Calmodulinopathy: A Novel, Life-Threatening Clinical Entity Affecting the Young

Abstract

Sudden cardiac death (SCD) in the young may often be the first manifestation of a genetic arrythmogenic disease that had remained undiagnosed. Despite the significant discoveries of the genetic bases of inherited arrhythmia syndromes, there remains a measurable fraction of cases where in-depth clinical and genetic investigations fail to identify the underlying SCD etiology. A few years ago, 2 cases of infants with recurrent cardiac arrest episodes, due to what appeared to be as a severe form of long QT syndrome (LQTS), came to our attention. These prompted a number of clinical and genetic research investigations that allowed us to identify a novel, closely associated to LQTS but nevertheless distinct, clinical entity that is now known as calmodulinopathy. Calmodulinopathy is a life-threatening arrhythmia syndrome, affecting mostly young individuals, caused by mutations in any of the 3 genes encoding calmodulin (CaM). Calmodulin is a ubiquitously expressed Ca²⁺ signaling protein that, in the heart, modulates several ion channels and participates in a plethora of cellular processes. We will hereby provide an overview of CaM's structure and function under normal and disease states, highlighting the genetic etiology of calmodulinopathy and the related disease mechanisms. We will also discuss the phenotypic spectrum of patients with calmodulinopathy and present state-of-the art approaches with patient-derived induced pluripotent stem cells that have been thus far adopted in order to accurately model calmodulinopathy in vitro, decipher disease mechanisms and identify novel therapies.

Keywords: CALM; calmodulin; catecholaminergic polymorphic ventricular tachycardia; long QT syndrome; sudden cardiac death.

Figure 1

(A) Multiple species alignment of the CaM protein sequence showing full sequence conservation across vertebrates and an impressive sequence conservation across lower eukaryotes. (B) CaM protein structure in the ApoCaM (left) and Holo- or CaCaM conformation (right). The N-terminal and C-terminal Ca²⁺ lobes are shown in blue and red, respectively. Ca²⁺ ions are shown in yellow. PDB structures entries: ApoCaM PDB ID: 1CFD; CaCaM PDB ID: 1CLL. (C) Genotype-phenotype correlation graphic representation of published CaM mutations, with respect to the gene and domain in which the mutations reside. C-terminal Ca²⁺-binding domains are shown in red and N-terminal Ca²⁺-binding domains are shown in blue.

Figure 2

(A) LQTS-CaMs induce an increased Ca²⁺ influx via I_CaL by decreasing its Ca²⁺-dependent inactivation (CDI); this causes an enhanced Ca²⁺ influx, a consequent action potential duration (APD) prolongation and arrhythmias. LTCC: L-type calcium channels. (B) CPVT-CaMs promote Ca²⁺-release from the sarcoplasmic reticulum through the cardiac ryanodine receptors (RyR2). This leads to a higher frequency of Ca²⁺ waves and to a higher arrhythmia susceptibility, especially in the presence of catecholamines.

Figure 3

Graphic representation depicting a theory to explain the strong phenotypic effect and allelic dominance of CaM mutants in the setting of heterozygous LQTS-CaM mutations.
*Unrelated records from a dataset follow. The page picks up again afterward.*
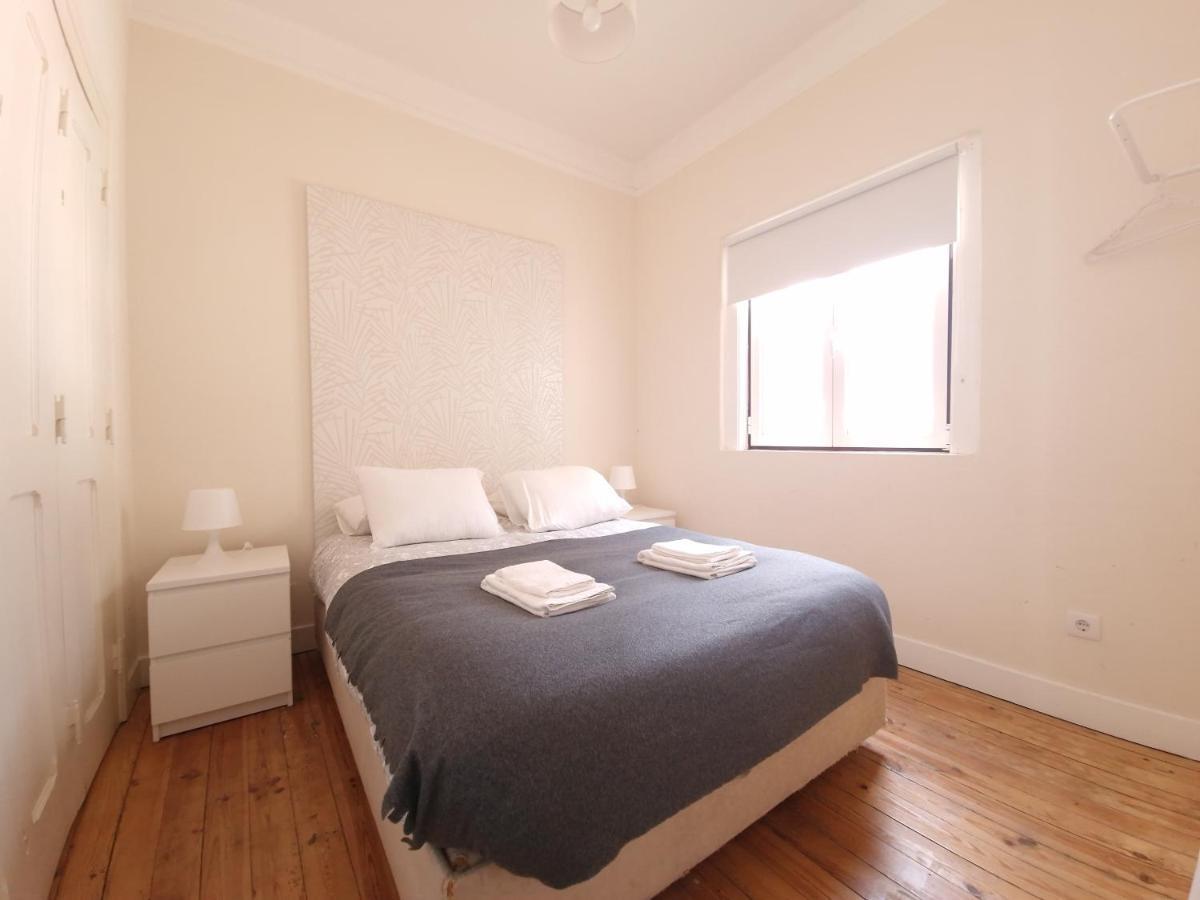 New! Cozy Apartment In The Center Lizbona Zewnętrze zdjęcie
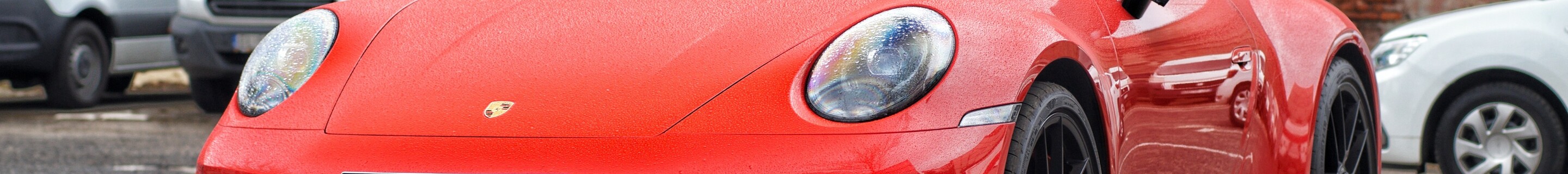 Porsche 992 Carrera 4 GTS MkII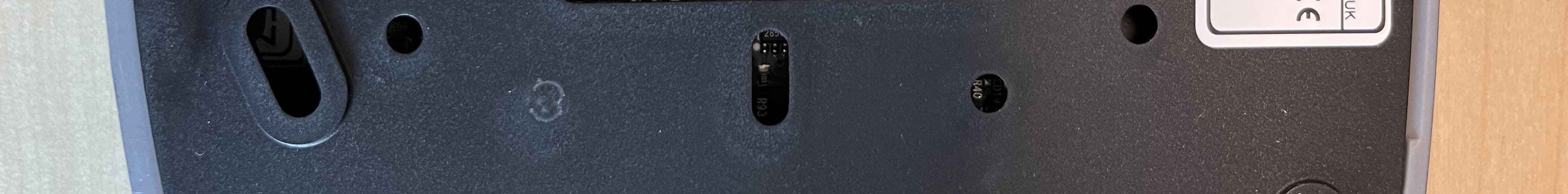 Access Control Keypad Reader 884 MKII - FCC ID OE5S884C - G4S Technology Limited (4)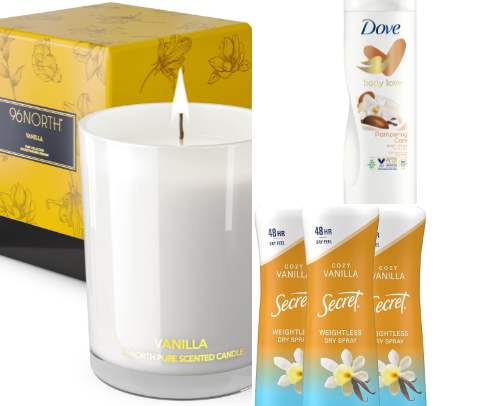 If you want to smell like… cover photo collage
The lower Ca²⁺ binding affinity of LQTS-CaMs creates a larger than expected pool of LQTS-ApoCaMs, i.e., the conformation that binds LTCCs, with a consequent higher-than-expected abundance of LQTS-CaM bound to LTCCs. Thus, LTCCs will have a high percentage of dysfunctional CaMs bound, which will significantly disrupt their activity despite the 5:1 WT:MT allelic stoichiometry.